Target selection consists of an iterative process in which an adversary determines a target by first beginning at the strategic level and then narrowing down operationally and tactically until a specific target is chosen. A target may be defined as an entity or object that performs a function considered for possible engagement or other action.
|T1245||Determine approach/attack vector||
The approach or attack vector outlines the specifics behind how the adversary would like to attack the target. As additional information is known through the other phases of PRE-ATT&CK, an adversary may update the approach or attack vector.
|T1243||Determine highest level tactical element||
From a tactical viewpoint, an adversary could potentially have a primary and secondary level target. The primary target represents the highest level tactical element the adversary wishes to attack. For example, the corporate network within a corporation or the division within an agency.

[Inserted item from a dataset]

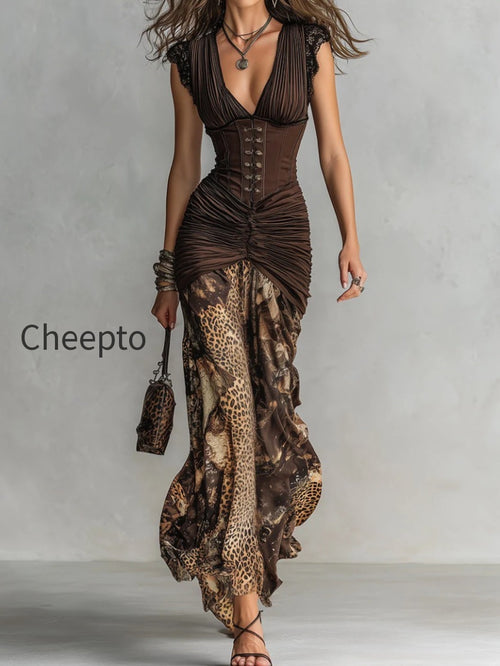 Vintage Corset Leopard Print Pleated Maxi Dress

|T1242||Determine operational element||
If going from strategic down to tactical or vice versa, an adversary would next consider the operational element. For example, the specific company within an industry or agency within a government.
|T1244||Determine secondary level tactical element||
The secondary level tactical element the adversary seeks to attack is the specific network or area of a network that is vulnerable to attack. Within the corporate network example, the secondary level tactical element might be a SQL server or a domain controller with a known vulnerability.
|T1241||Determine strategic target||
An adversary undergoes an iterative target selection process that may begin either broadly and narrow down into specifics (strategic to tactical) or narrowly and expand outward (tactical to strategic). As part of this process, an adversary may determine a high level target they wish to attack. One example of this may be a particular country, government, or commercial sector.